The Justice Department reviewed the conduct of some employees and contractors involved in the program, which the officials say showed excesses beyond those approved by the Justice Department, but declined to bring criminal prosecutions.
One of those expected to come under criticism in the Senate report is John Rizzo, who was acting general counsel at the agency during the post-9/11 period.
Rizzo, who recently published his memoir “Company Man: Thirty Years of Controversy and Crisis in the CIA,” supports declassifying and releasing the Senate report and the CIA’s rebuttal “and let people judge.”
He disputes the idea that he or any other officials mislead Congress, something he said he would have told congressional investigators if they asked for an interview.
“I believed the program yielded valuable intelligence and I continue to believe this. Now, could it have been gotten through other ways? I don’t know; that is unknowable,” Rizzo said in an interview.
Rizzo says a dozen years later it’s important to recall that CIA employees did the best they could given the threat at the time. The program began when Congress and the President were pushing the CIA and other security agencies to do everything to prevent another attack, which at the time was believed to be very likely.
Feinstein, usually one of the agency’s staunchest backers, has recently lashed out at the CIA in a dispute over the committee staff’s preparation of the report, which has been complete since 2012.
The CIA has asked the Justice Department to investigate whether Senate staffers violated the law by accessing classified internal information based on the same documents the agency turned over to the Senate for its review.
Feinstein accused the CIA of snooping on computers used by the Senate staffers, which were in a CIA facility designated for the committee’s use.
The CIA in the past has disputed some of the findings of the Senate committee report.
Dean Boyd, a CIA spokesman, said: “The CIA has not been provided with a final copy of the Senate Select Committee on Intelligence’s report on the former Rendition Detention and Interrogation (RDI) program and until we’re given the opportunity to review it, we are unable to comment on details it may contain. If portions of the report are submitted to the CIA for classification review, the CIA will carry out the review expeditiously.”
Obama came into office in 2009 urging Democratic critics of the CIA program and other counterterrorism measures under the administration of President George W. Bush to help turn the page on the past. But recently, he said he supported declassification of the Senate’s CIA report.

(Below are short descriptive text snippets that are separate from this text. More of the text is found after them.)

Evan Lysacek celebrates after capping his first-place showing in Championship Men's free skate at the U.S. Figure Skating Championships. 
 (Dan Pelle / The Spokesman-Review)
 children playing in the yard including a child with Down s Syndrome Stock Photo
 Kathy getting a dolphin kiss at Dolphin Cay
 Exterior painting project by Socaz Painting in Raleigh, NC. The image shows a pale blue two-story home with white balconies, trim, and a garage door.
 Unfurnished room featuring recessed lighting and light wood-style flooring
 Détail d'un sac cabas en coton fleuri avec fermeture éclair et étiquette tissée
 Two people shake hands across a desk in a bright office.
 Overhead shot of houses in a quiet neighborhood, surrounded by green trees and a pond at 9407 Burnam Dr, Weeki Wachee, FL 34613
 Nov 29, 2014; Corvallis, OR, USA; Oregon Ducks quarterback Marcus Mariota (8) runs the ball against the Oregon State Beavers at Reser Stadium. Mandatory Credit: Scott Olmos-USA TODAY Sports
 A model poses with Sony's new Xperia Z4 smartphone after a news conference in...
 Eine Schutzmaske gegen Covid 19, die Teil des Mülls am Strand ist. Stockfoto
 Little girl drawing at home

“I would urge them to go ahead and complete the report and send it to us and we will declassify those findings so that the American people can understand what happened in the past and that can help guide us as we move forward,” Obama said last month.
Colorado Sen. Mark Udall, a member of the intelligence panel who has pushed for the report’s publication, says he is motivated in part by accountability for the past and to ensure it won’t happen again.
“The American people cannot have faith that the agency is acting effectively and within the law until the flaws of this program are acknowledged and the CIA’s misrepresentations are finally corrected,” he said.